# Dewalt Battery Powered Nailers



## Ron6519 (Aug 17, 2007)

I'm looking for feedback on the finish and brad nailers. I have two Senco 25 finish battery nailers that are problematic. I need a nailer that has a little more longevity then these items. I can't get more then 6 months out of them before they need repair.
Ron


----------



## vinnyb76 (Sep 25, 2007)

personally i think you cant beat a pnumatic nailer but of course it depends if you can cart the gun,hose and compressor around with you,if its staying in a workshop though i`d certainly consider it.
i know you can purchase nailers with gas canisters but i have no experience with them so i could`nt comment on them.


----------



## raskgle (Dec 10, 2007)

I use air and have had a craftsman and have had it over 12 years. If inside it's the only way to go, that's my 2 cents.


----------



## Ron6519 (Aug 17, 2007)

I have a full set of pneumatics with two compressors. I'm looking for a reliable airless unit that will stay out of the shop.
With some jobs an airless gun is just so much more convienient.
Ron


----------



## Paul K (Jan 14, 2008)

I have a paslode gas cartridge nailer, both a finish nailer and a framing, and I have a few pneumatic nailers. Nice not to have the hose always, and if I just have a few nails to do, then it is nice. I originally got them because having to haul a compressor to each place was a pain, but frankly, if you can, use pneumatic. Less wear on the ears, less repair, cheaper, more durable. 
my 2 cents.


----------



## MinConst (Oct 30, 2006)

I have the Dewalt 18ga. angled nailer that is battery operated. I use it for small jobs on site. It is kinda bulky to work with all day but does the job nicely for small jobs. Battery life is very good and it has all the power I have needed.


----------



## JstMe (Mar 5, 2008)

MinConst said:


> I have the Dewalt 18ga. angled nailer that is battery operated. I use it for small jobs on site. It is kinda bulky to work with all day but does the job nicely for small jobs. Battery life is very good and it has all the power I have needed.
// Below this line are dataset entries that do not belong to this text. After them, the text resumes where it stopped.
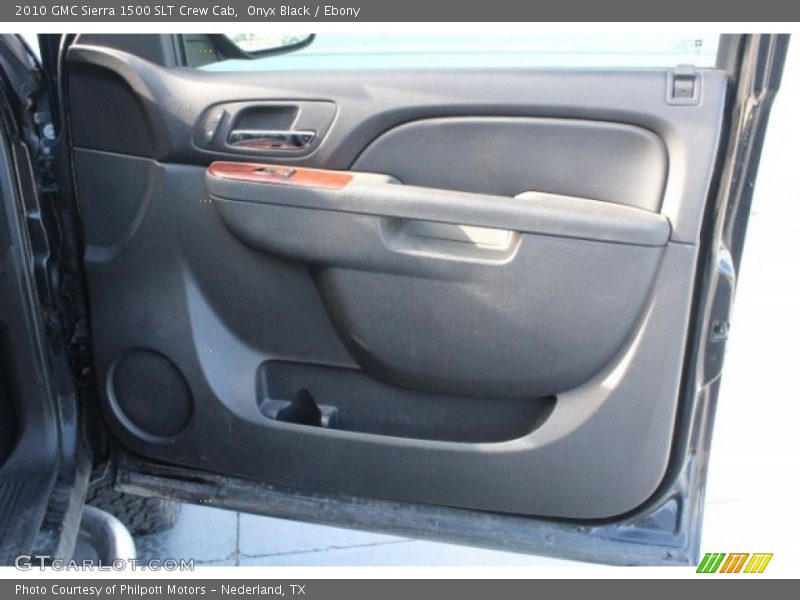 Onyx Black / Ebony 2010 GMC Sierra 1500 SLT Crew Cab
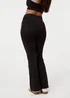 Pink Vanilla Black Contrast Trim Active Flares - M Image 5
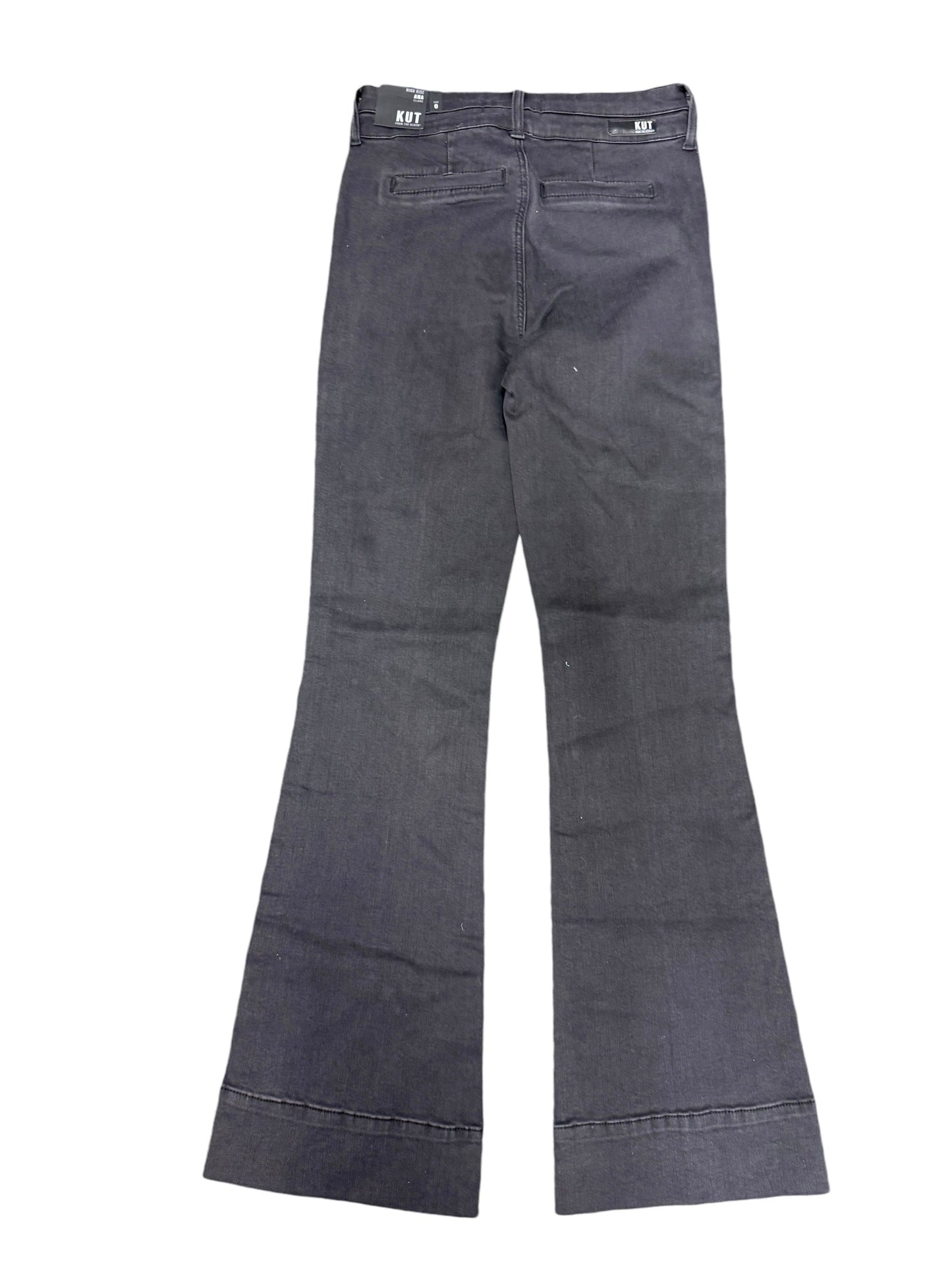 Jeans Flared By Kut In Black Denim, Size: 0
when did these come out? I have been waiting but have yet to see a 18g.....all I can find are 16g. As for portability and reliability I use a jacpac and my 18g air nailer with it, I have used paslodes and some swear by them.....I just havent had as good of luck with them. If you dont like the jacpac kobalt also makes a portable unit as well.


----------



## dpmcreations (Feb 3, 2008)

*Nailer time...*

I have had and used both the Dewalt and the Paslode... I love the Paslode as it is very light and easy to use.. The only drawback is that it requires both a rechargeable battery and gas cartridges... I have used the Paslode's for quite a few years and love not having to haul the compressor and guns around all the time... Especially if I am in one of the homes with that darn white or creme colored carpeting... 
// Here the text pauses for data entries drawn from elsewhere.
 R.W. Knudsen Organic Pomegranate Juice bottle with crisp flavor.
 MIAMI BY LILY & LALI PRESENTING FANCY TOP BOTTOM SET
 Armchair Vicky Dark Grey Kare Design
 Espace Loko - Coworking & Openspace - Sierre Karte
I have also tried out the Dewalt and it is an awesome gun as well... Especially if you have Dewalt 18 V battery stuff already.. Doing construction and remods for years, I have all of the 18 V stuff to go along with it.. The Dewalt has a light and a carry clip as well as it can be sat down on the base... Again, it can be dialed to different things to match whatever you may be doing with it... The one drawback is that if you are using it for an extended period of time, the gun is a bit heavy compared to the Paslode... 

Honestly it is a toss up, but keep in mind I have found that both of them work... The Paslode is lighter and easier to manipulate around... By the way, I have the angle versions of each... Much easier to get into and around a couple of things... Have a great time and enjoy whichever nailer you pick... You might want to purchase them from a big box retailer that is local to you as if you don't like the one that you purchase, you can always return it and get the other one... Make sure that you keep your receipt and the packaging that it came in...


----------



## Bossman (Mar 1, 2008)

check out the new senco cordless 25. it is so much better than the airfree 25 you will be amaized. it is also a little less bulky, lighter, and fires faster than any other cordless out now. the rapid fire feature is awsome.


----------



## redwolves (May 8, 2009)

Thanks for the info. I have also wondered about the reliability of a battery vs gas tool. I own a Paslode and it has saved me lots of time.I wonder if a battery powered gun can sustain the same amount of time as the gas gun. I guess with two batteries ( i have two for each Paslode) .......I may have to try them.


----------